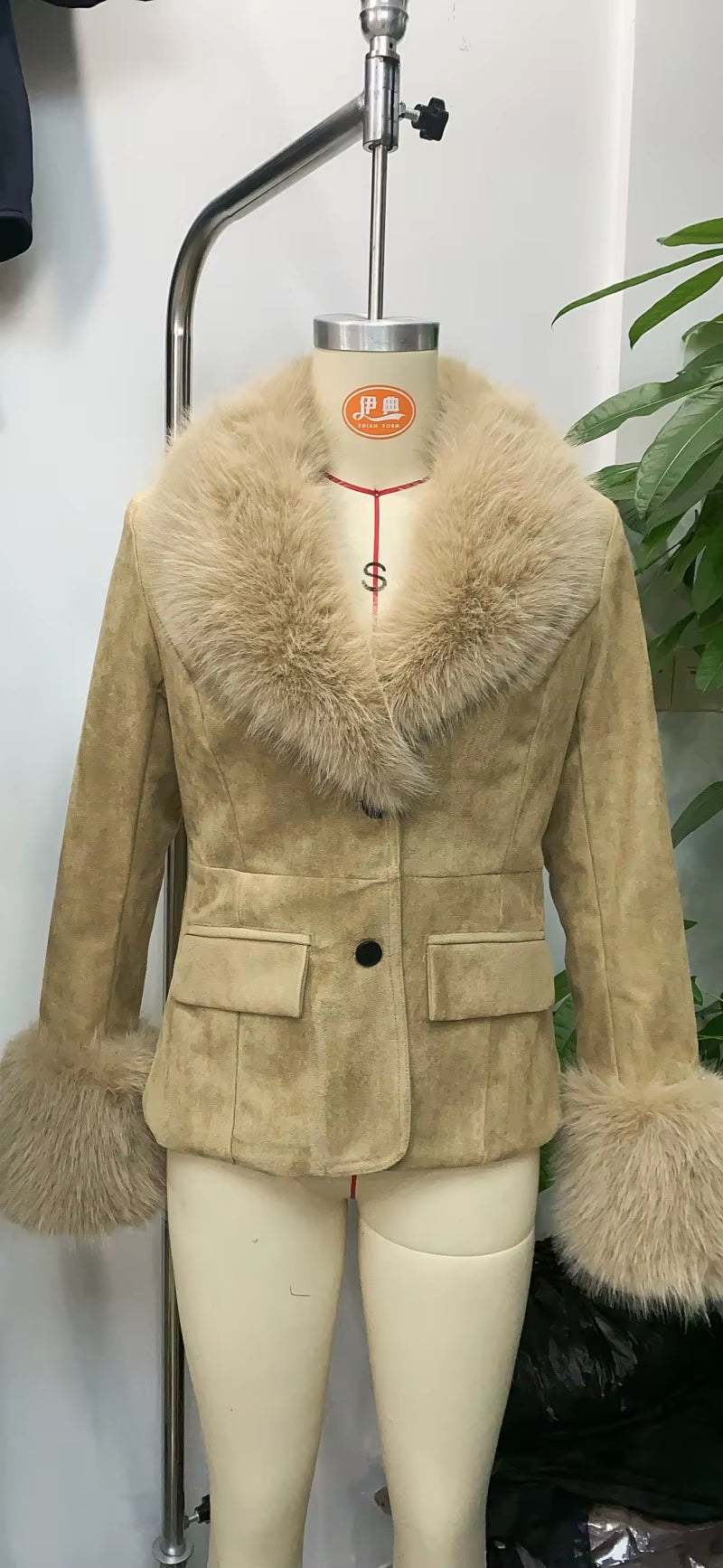 2025 New Winter Women'S Wear Fashion Removable Faux Fur Effect Lapel Suede Texture Casual Suit Jacket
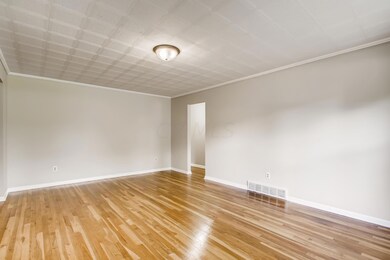 5273 Butternut Ct W, Columbus, OH 43229 - photo 4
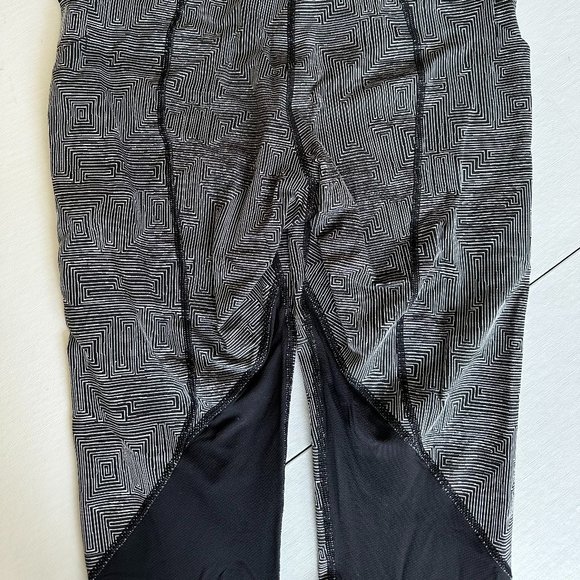 Lululemon Soulcycle Cropped Leggings White/Black Design w/ Mesh Detail Size 8 - Picture 7 of 16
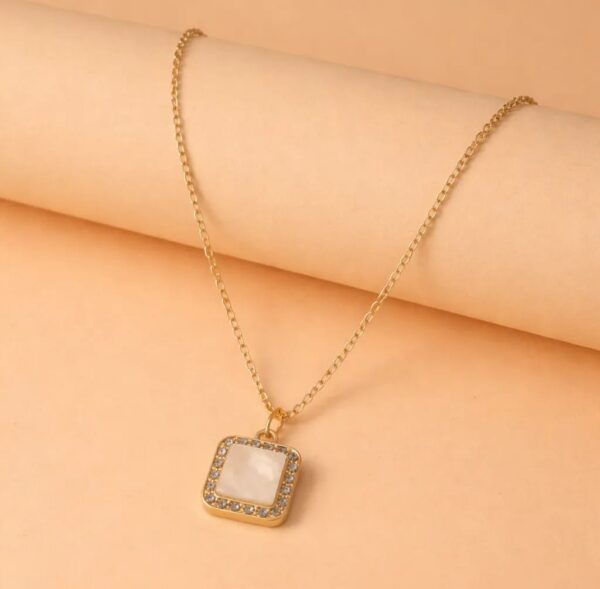 square charm neckpiece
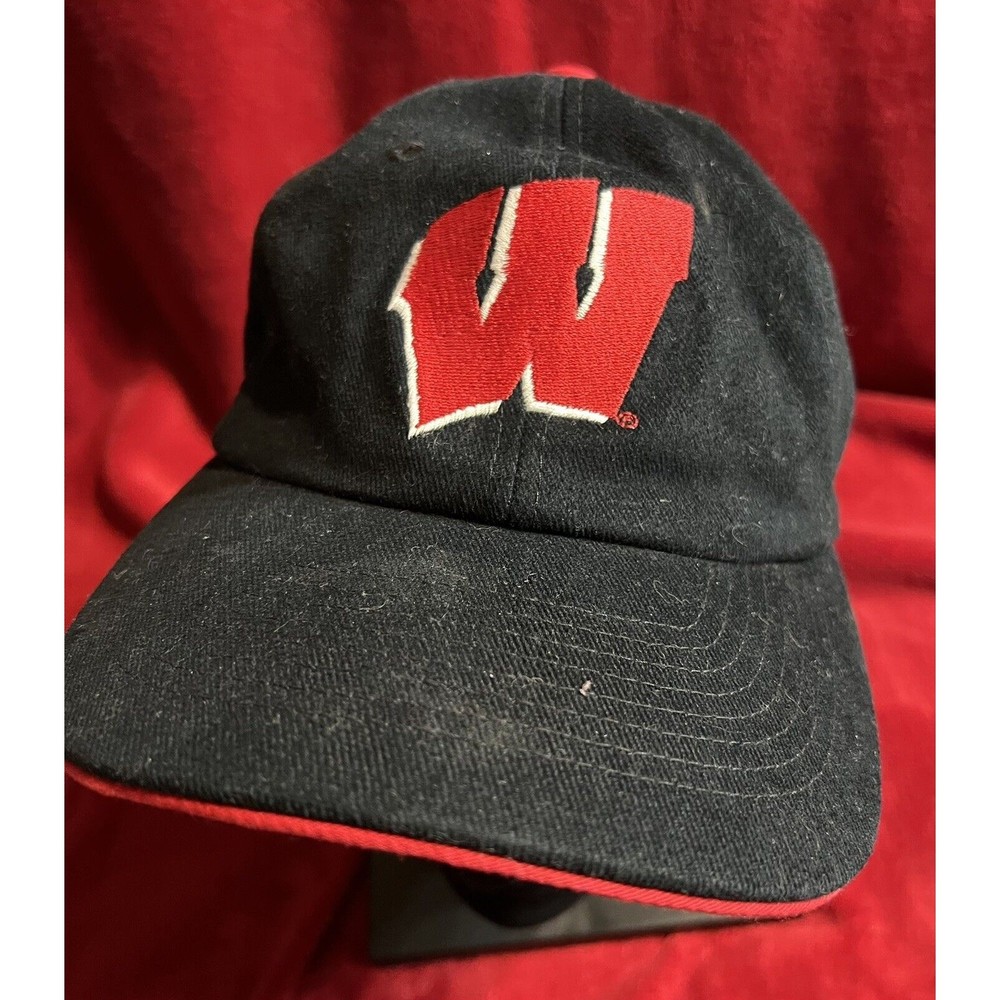 Wisconsin 2000 Rose Bowl Game Day Badgers Red/Black Snapback 90s Style Hat 33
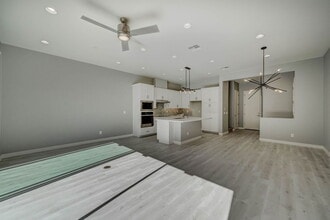 7439 E Conquistadores Dr in Scottsdale, AZ - Building Photo - Building Photo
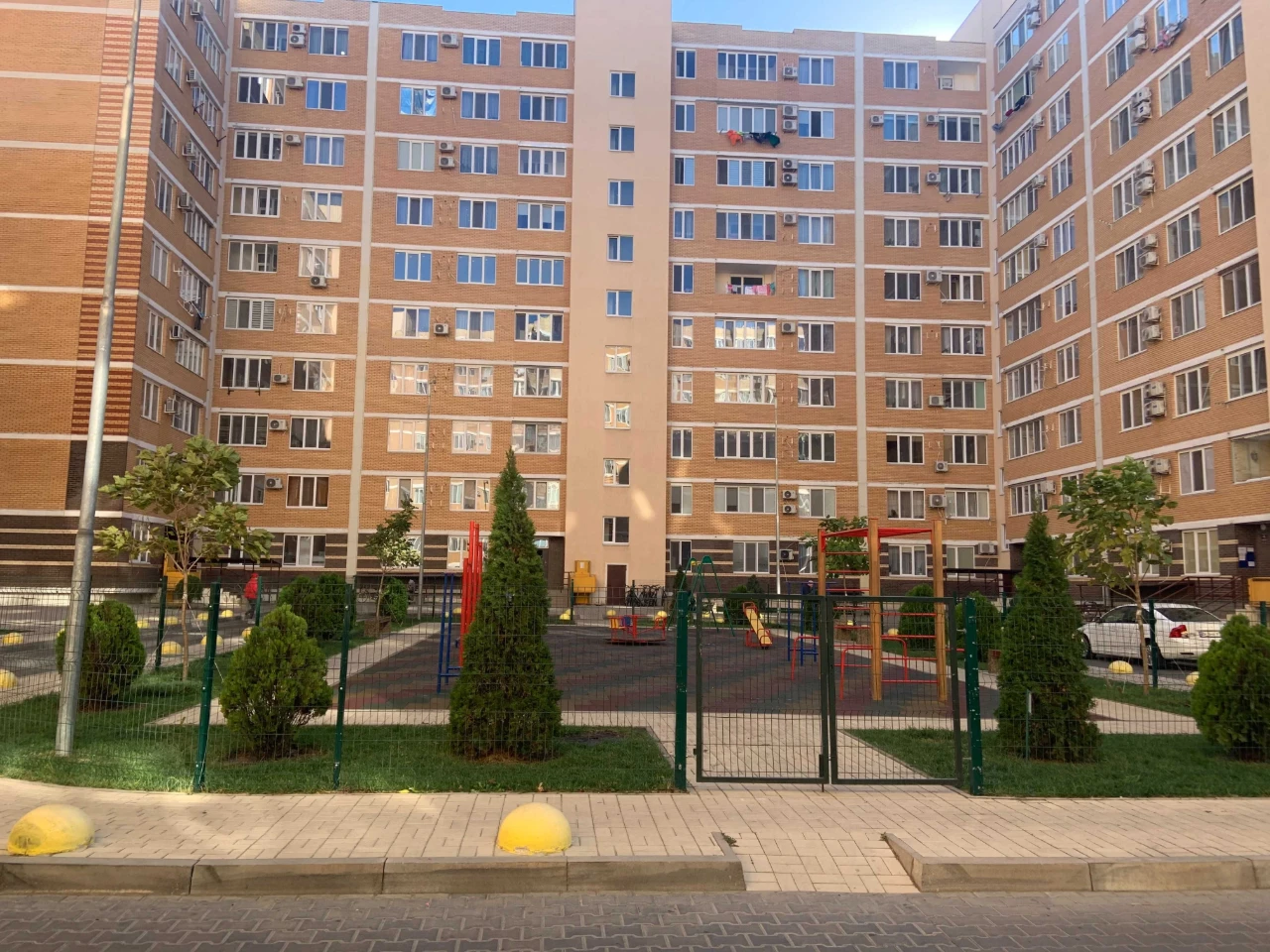 Продам 1 комнатную квартиру в Цветнолм Бульваре с евроремонт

------------------------------------------------

• Instructions to follow:
The answer is a faithful copy of the records above, with the pictures removed.

• Problem solution:
 2025 New Winter Women'S Wear Fashion Removable Faux Fur Effect Lapel Suede Texture Casual Suit Jacket
 5273 Butternut Ct W, Columbus, OH 43229 - photo 4
 Lululemon Soulcycle Cropped Leggings White/Black Design w/ Mesh Detail Size 8 - Picture 7 of 16
 square charm neckpiece
 Wisconsin 2000 Rose Bowl Game Day Badgers Red/Black Snapback 90s Style Hat 33
 7439 E Conquistadores Dr in Scottsdale, AZ - Building Photo - Building Photo
 Продам 1 комнатную квартиру в Цветнолм Бульваре с евроремонт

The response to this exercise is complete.